Updated: Apr 4
Your opinion of me has nothing to do with me, that is about you and NONE of my business. How does that sit with you? Do you feel attacked? Does it feel personal? That's because it is, very personal.
Additionally, my idea of who you are, is simply a reflection of me. How does that idea feel? Less weighty? They are the same, just a shift of perspective. We are mirrors to each other. What sets me off in what you say and your behavior, is about me. And vis versa. What a lesson.
You know that person that makes you so irritated? Irks you? Really triggers deep feelings inside of you? They can sometimes even create a reaction from you that you don't often show. That person is showing you where you need to bring your attention to within yourself. They are mirroring your shadow self. They are gifting you the opportunity to turn inward and love yourself. Wild, right? and uncomfortable.
Your shadow self is a part of you that has become separated from your conscious mind. As you become aware of yourself from an early age shame, trauma and/or fear cause you to place who you are into categories of good and bad. The "bad" are undesirable aspects of yourself that you have learned aren't acceptable causing you to hide them and not allow others to see that vulnerability and imperfectness. That you aren't safe if these are shown to the world.

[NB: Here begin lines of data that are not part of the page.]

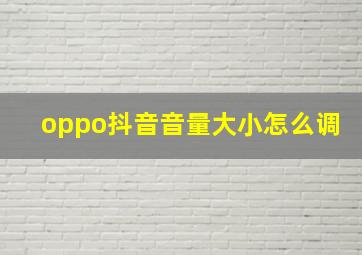 oppo抖音音量大小怎么调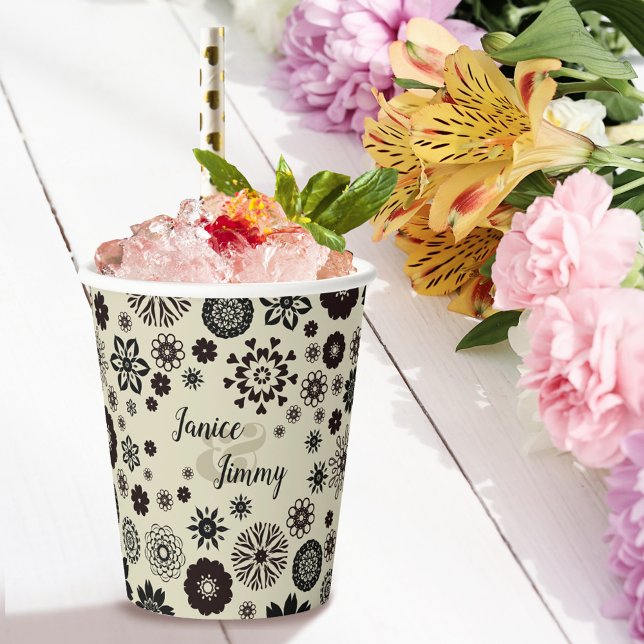 Gobelets En Papier Noms personnalisables mignonne Taupe noir motif fl (Créateur téléchargé)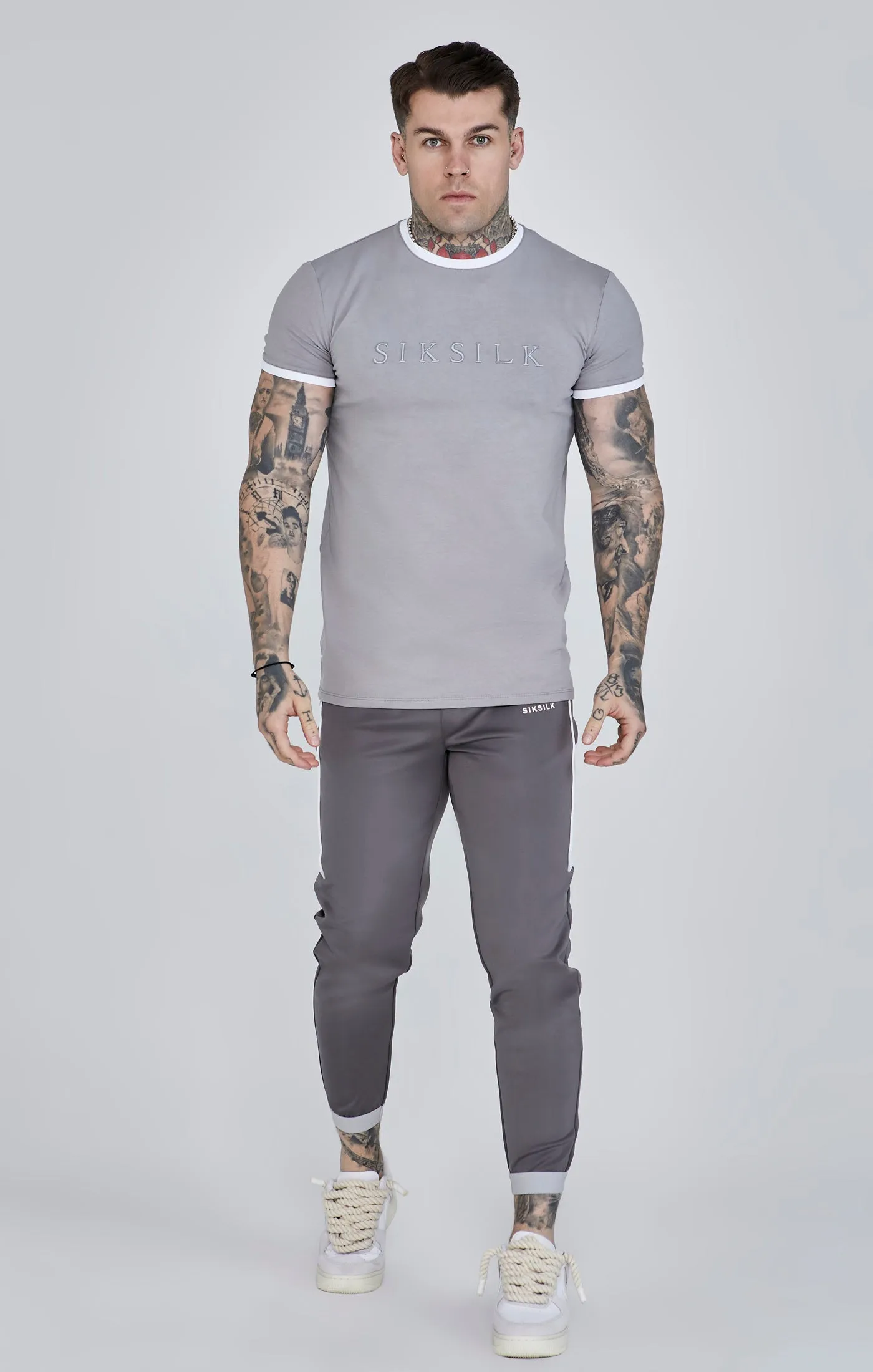 Grey Muscle Fit Joggers sold by Siksilk product image thumbnail 2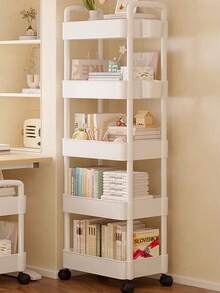 Estantería rodante de 4 niveles, carrito para dormitorio, unidad de estantería móvil para cocina, adecuada para organización del hogar durante todo el año, almacenamiento para camping al aire libre, también se puede usar para salón de belleza, estantería de almacenamiento para salón de belleza | Estantería de múltiples capas | Apariencia limpia, accesorios de spa, unidad de estantería práctica (Blanco) - Multicolor - Ver 10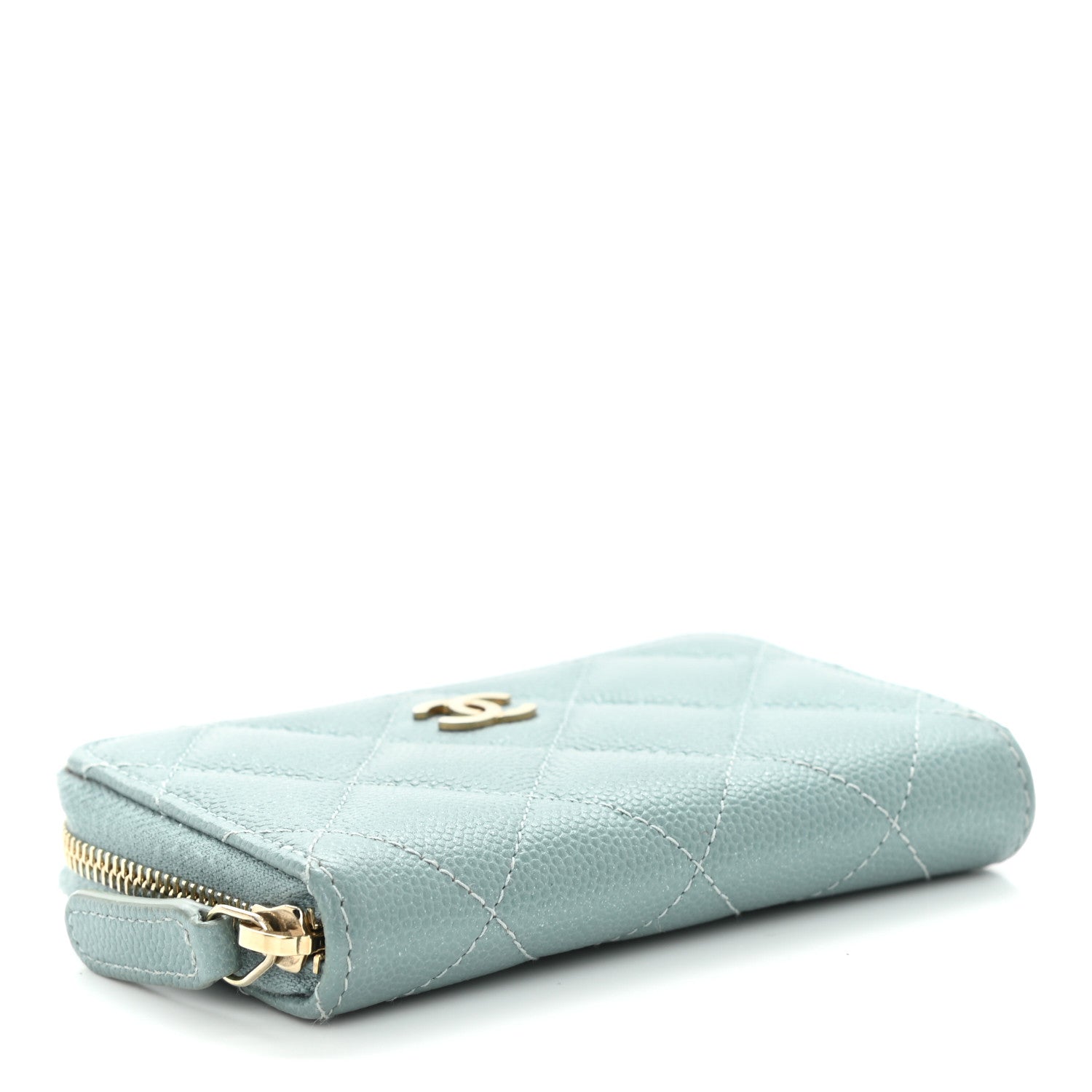 Chanel Caviar Quilted Zip Coin Purse Blue 4 of 10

Until the shadow self is reintegrated it will undermine, sabotage and conflict with your conscious desires, positive feelings and even self love. When you are fighting the triggers that others have lit inside of you, you are also fighting your true self. The shadow must first be seen and acknowledged without blame or judgment. Using people that trigger you as your guide, write down all the things that they do, say and actions that set you off. then find those aspects in yourself. See yourself fully and completely, allow your story with the deepest hurts be heard and felt.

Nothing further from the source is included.